#### What the task requires:
Repeat only the lines below from the one that contains "Double Decker Bus" through the final line, exactly. Omit pictures.

#### Available data:
>>>>

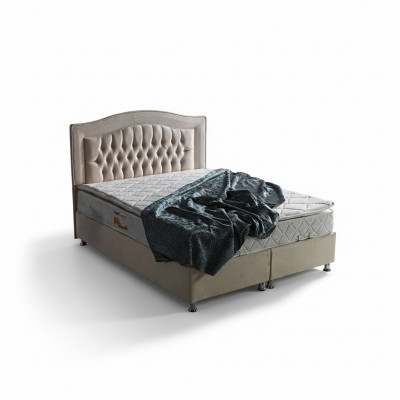 Bettdesign Betten Luxus Beige Polster Schlofzëmmer Miwwelen Sëlwer Chesterfield
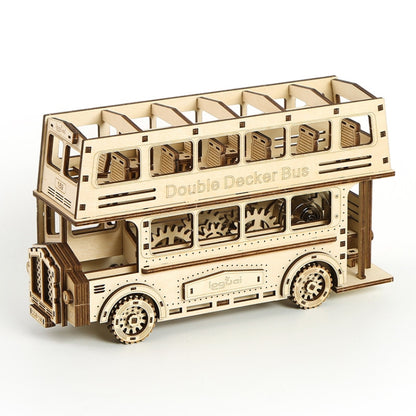 Double Decker Bus 3D Wooden Puzzle Toys DIY Handmade Ornaments - Puzzle Toys by buy2fix | Online Shopping UK | buy2fix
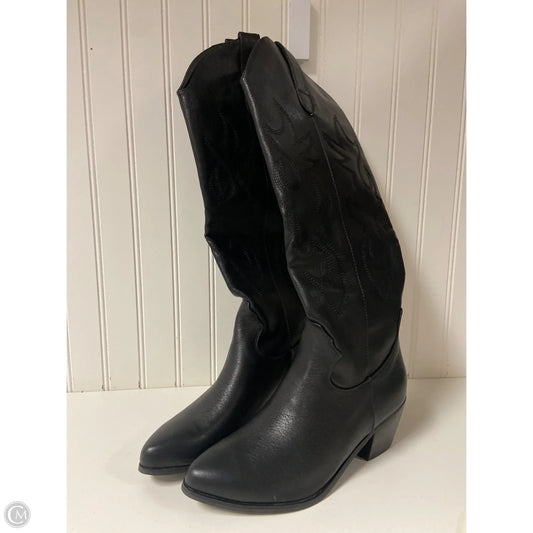 Boots Knee Heels By Clothes Mentor In Black, Size: 8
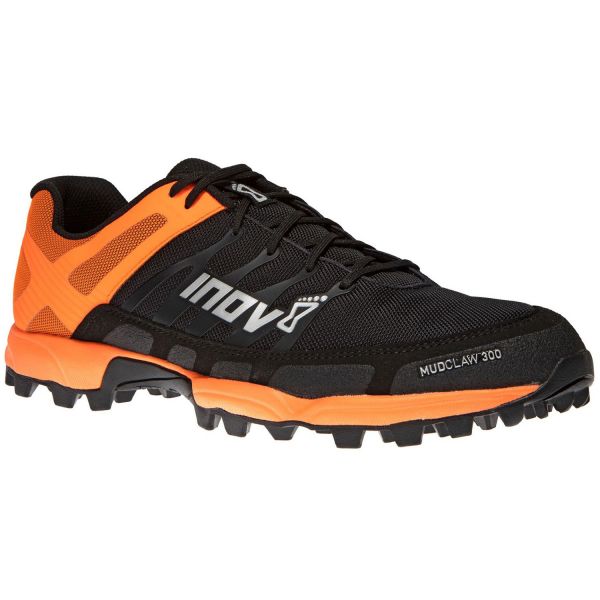 Кроссовки для экстрим бега мужские Inov-8 Mudclaw 300 (чёрно-оранжевый)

<<<<

#### Solution for this task:
 Double Decker Bus 3D Wooden Puzzle Toys DIY Handmade Ornaments - Puzzle Toys by buy2fix | Online Shopping UK | buy2fix
 Boots Knee Heels By Clothes Mentor In Black, Size: 8
 Кроссовки для экстрим бега мужские Inov-8 Mudclaw 300 (чёрно-оранжевый)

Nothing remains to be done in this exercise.